All I wanted to do is I knew we have this hook because there were a lot of kids that always would ask Eric and I about our building. “Someday I'll come to your skate park,” everywhere, all over the world.

That was minimal exposure of it. I realized we were on to something, like a Studio 54, and I was sitting there one day as I was skating and I think it was Andrew Reynolds that I'd seen do a heel flip backside tailslide on the ledge. It was so perfect and awesome. I never left Nebraska mentally to a degree, like I'm still a fan of anyone who skates incredible, ends up just skating.

So if a kid from Nebraska could see how being on this side of the baker's window, if he could see what goes on here and how we make the bread, and what temperature we cook the bread at, they would be psyched. I just started coming up with ideas of what we could do.

Berra and Koston both purchased a building for the skateboarding facility with their own funds; one of the key initial goals for the Berrics facility was to provide a setting where skateboarders could practice their tricks to avoid spending that time in street-based environments in California, where skateboarding is illegal in most spaces.

Following the website's inception in late 2007, it quickly grew and, according to The Wall Street Journal, in January 2009, the Berrics attracted more unique visitors than the websites of every major skateboard magazine, as well as ESPN.com's action sports section.

Rob Dyrdek's Fantasy Factory was inspired by the Berrics and, in 2012, Dyrdek challenged the Berrics crew and lost, thus having to erect a statue that portrayed the inspiration that he had derived from the Berrics facility.

First address:

684 S. Myers street

Los Angeles, CA

===La Jolla Group partnership: 2011–2012===
On February 11, 2011, a press release announced a partnership between the La Jolla Group (LJG) and The Berrics.
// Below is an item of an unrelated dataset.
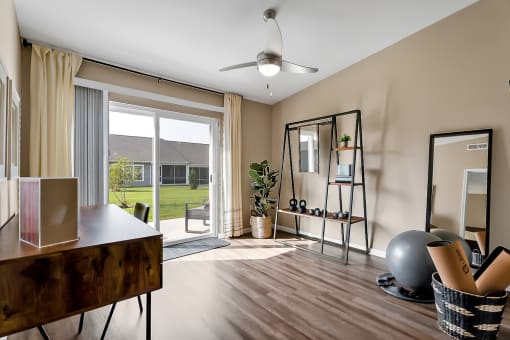 a living room with a mirror and a sliding glass door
The Berrics was the first skate category for the LJG, as the company had previously only worked with surf and moto brands. Berra stated in the press release:

With the resources that have been available to us so far, our own pocketbooks, I think we’ve done a fantastic job. When given the opportunity to partner with someone like La Jolla Group, take advantage of their infrastructure, still retain full control and ownership of our company, not have to worry about them having skate brands that compete with our advertisers AND get the job done was something we couldn't pass on. We want to see skateboarding and the people who make it happen, from top to bottom, do better, especially in these tumultuous times.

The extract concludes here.